2018's Halloween reintroduces us to Myers (Nick Castle) who has been held captive at Smith's Grove Rehabilitation Centre, and his sister Laurie Strode (Jamie Lee Curtis) who has been preparing for his inevitable return. As the calendars turn to Halloween night, children are trick-or-treating, high-school teens are horny, Myers breaks free of his shackles, and Strode endeavours to take him down once and for all with a fortress and artillery of her own.
Taking a page out of Rob Zombie's 2006 reboot, Green and McBride add a layer of psychological intrigue to their film. The filmmakers attempt to dissect the mindsets of both the victim (Strode) and the victimiser (Myers), and the lasting effects the incidents from 1978 had on them as people. The film achieves this end by means of a couple of podcasters. Their questions are relatable, and their findings are captivating. But you didn't come here for an analysis on the origins and effects of evil - you'd have watched We Need To Talk About Kevin if that were your primary goal. You came here for this franchise's hallmarks - bloodshed, gore, topless ladies and a hyper-contrived mechanism conceived by the protagonists to keep the Bogeyman dormant until the inevitable sequel.
This film displays all four of its trademarks with varying amounts of screen time dedicated to them, and to varying degrees of success. The plethora of slasher films that have made their way to screens since the '70s has used the original Halloween as a template for storytelling. Films from the Elm Street, Friday The 13th, Texas Chainsaw Massacre, Wrong Turn, Child's Play, Scream and Saw franchises have all worked at making the kills more over-the-top, the characters more ludicrous and plotlines more throwaway. Halloween tries to individualize itself by keeping the gore to a minimum and giving its characters centre-stage.
However, once the film veers away from exploring the similarities and dichotomy shared by Myers and Strode, the supporting cast and their journeys are not compelling or fleshed out enough to hold your attention. The most blatant example of a lost opportunity comes in the form of Dr Sartain, a stand-in for Donald Pleasance's Dr Sam Loomis. The good doctor's compulsive need to relate to and embody the evil Myers represents has all the outlines of a three-dimensional character but the writers forget to fill said outline with an adequate amount of colour and shading. Haluk Bilginer's supremely hammy performance does the character no favours either.

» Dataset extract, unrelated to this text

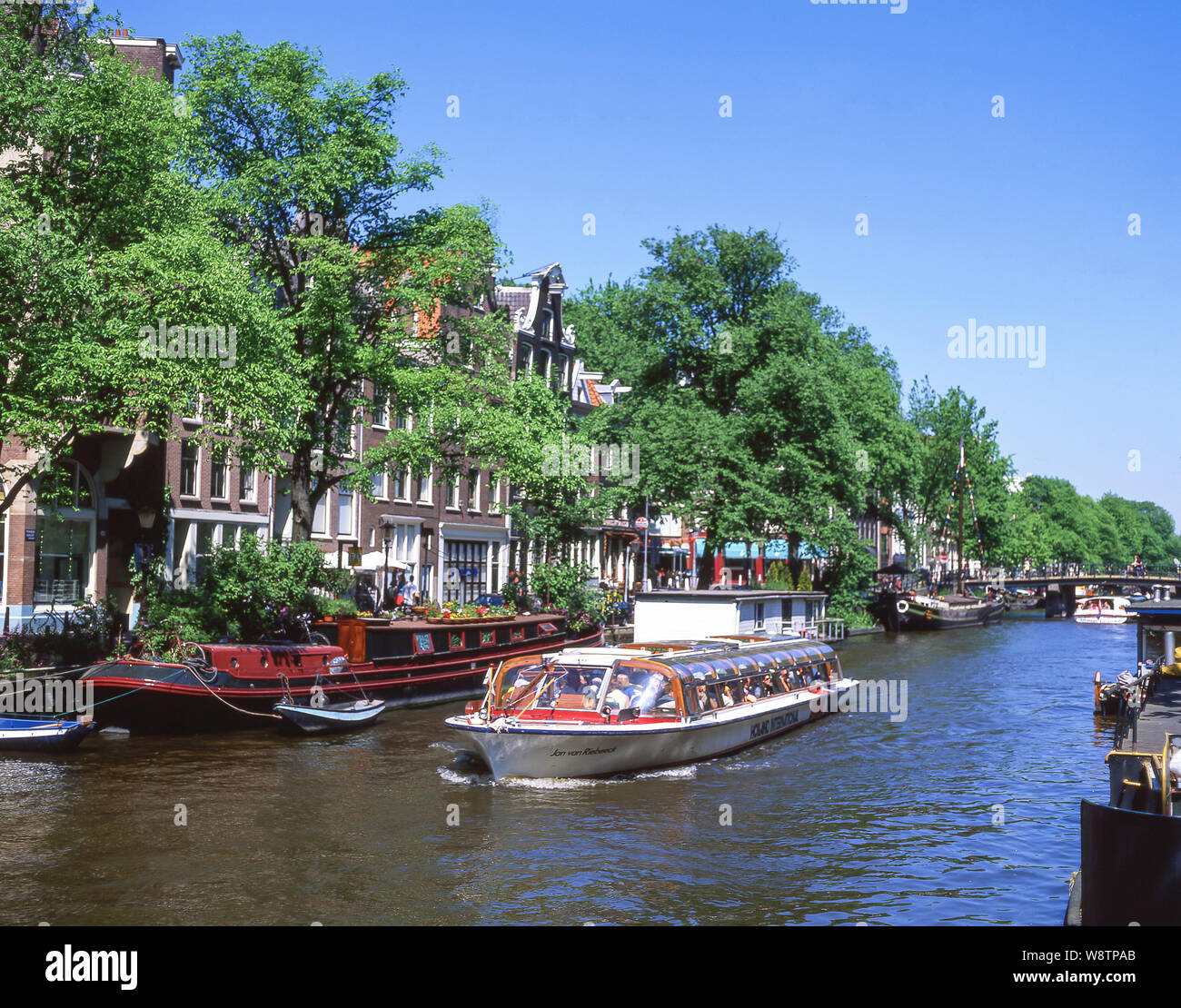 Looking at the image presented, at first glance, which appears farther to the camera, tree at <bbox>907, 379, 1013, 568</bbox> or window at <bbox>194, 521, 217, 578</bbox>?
tree at <bbox>907, 379, 1013, 568</bbox>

While the character of Dr Sartain is consistent in tone and presentation, Strode's daughter Karen played by Judy Greer and granddaughter Allyson played by Andi Matichak experience wild shifts in character without a through line influencing their journeys. The actors themselves deserve a great deal of credit for keeping their characters from morphing into grating nincompoops, but anyone not named Jamie Lee Curtis has a snowball's chance in hell of coming out of this film with a memorable performance of any sort.
On a side note, Nick Castle reprising his role as Myers is a nice touch.
Likewise, John Carpenter, himself, shows that the old warhorses still have some gallop left in their hooves. Many have tried to recreate and recapture Carpenter's inimitable score for his 1978 film, but the master returns to the fray to show the littluns how it's done. Barring in one scene, Carpenter's score and the control it has on the film's tone is mesmeric. However, this is only technical call-back to the original that fires on all cylinders.
Almost every kill in this film references a murder from the original in one form or the other. With very little in terms of identity added to those kills, these scenes beg to be compared to their predecessor, and in turn show a lack in the finesse and the razor-sharp focus the original provided in spades.
While wrestling between stamping their authority by presenting a fresh take on the long-standing franchise and paying adequate homage to the four-decade-old classic, Green, McBride and their crew create a movie that is neither bad nor good nor so bad it's good. This is a middling yet worthy entry to a franchise that, much like its villain, refuses to die.